La couleur, ou le coloris, car ces deux mots se prennent souvent l’un pour l’autre dans le langage de l’art, le coloris dis-je, se considère relativement à l’ensemble d’un tableau, & relativement au détail de ses parties.

Relativement à l’ensemble, il consiste dans une conduite de tons liés ou opposés entre eux, & qui soient dégradés par de justes nuances en proportion des plans qu’occupent les objets. Ajoutons qu’il en est de la disposition des couleurs, comme de celle des figures dans la composition. Il doit y avoir dans un tableau une figure principale ; il doit y avoir aussi une couleur dominante un ton général, sans lequel il n’y auroit point d’harmonie.

Relativement aux détails, le coloris consiste dans la variation des teintes ; variation nécessaire pour parvenir à l’arrondissement des corps. Ce principe confirme ce que nous avons établi, que la couleur est subordonnée au clair-obscur, puisque lui seul donne l’échelle des tons que doivent suivre ces teintes différentes. C’est par les règles du clair obscur qu’une drapperie bleue, par exemple, ne doit pas consister en une couche de couleur bleue, également appliquée sur le champ du tableau : ce sont ces règles qui apprennent, indépendamment de l’inspection de la nature, toutes les dégradations que cette couche bleue doit éprouver depuis le plus grand clair, jusqu’à l’ombre & au réflet : un artiste qui peindroit une drapperie bleue d’après un dessin au clair-obscur, savamment dégradé, ne


rendroit peut-être pas toutes les teintes que la nature pourroit lui offrir ; mais cette imitation seroit satisfaisante, parce qu’on y trouveroit la dégradation nuancée que prescrit la nature.

Les teintes principales sa distinguent en cinq nuances : le grand clair, la couleur propre de l’objet, la demi-teinte, l’ombre & le réflet.
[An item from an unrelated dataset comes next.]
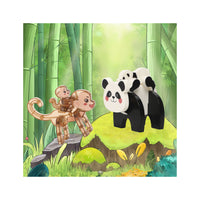 PicassoTiles Panda & Monkey Parent and Baby Characters Playset – 4 Pieces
Des teintes intermédiaires, & bien plus nombreuses dans la nature que l’art ne peut l’exprimer, forment les passages du clair à la couleur propre, de celle-ci à la demi-teinte, à l’ombre, & au réflet. Tous ces principes résultent encore de la théorie du clair-obscur, ou, ce qui est la même chose, ils sont fondés sur l’étude de la dégradation de la lumière & de l’ombre.

La même conduite de tons qu’on observe pour l’arrondissement d’un seul objet, doit se retrouver dans l’effet du tout ensemble. L’artiste ménage, dans sa composition, une masse dominante de couleur & de lumiere ; il la soutient par des lumieres, par des tons subordonnés qui se prêtent une valeur réciproque ; il la rappelle par des échos qui réveillent les masses, & l’assortit avec des demi-teintes & des ombres dégradées.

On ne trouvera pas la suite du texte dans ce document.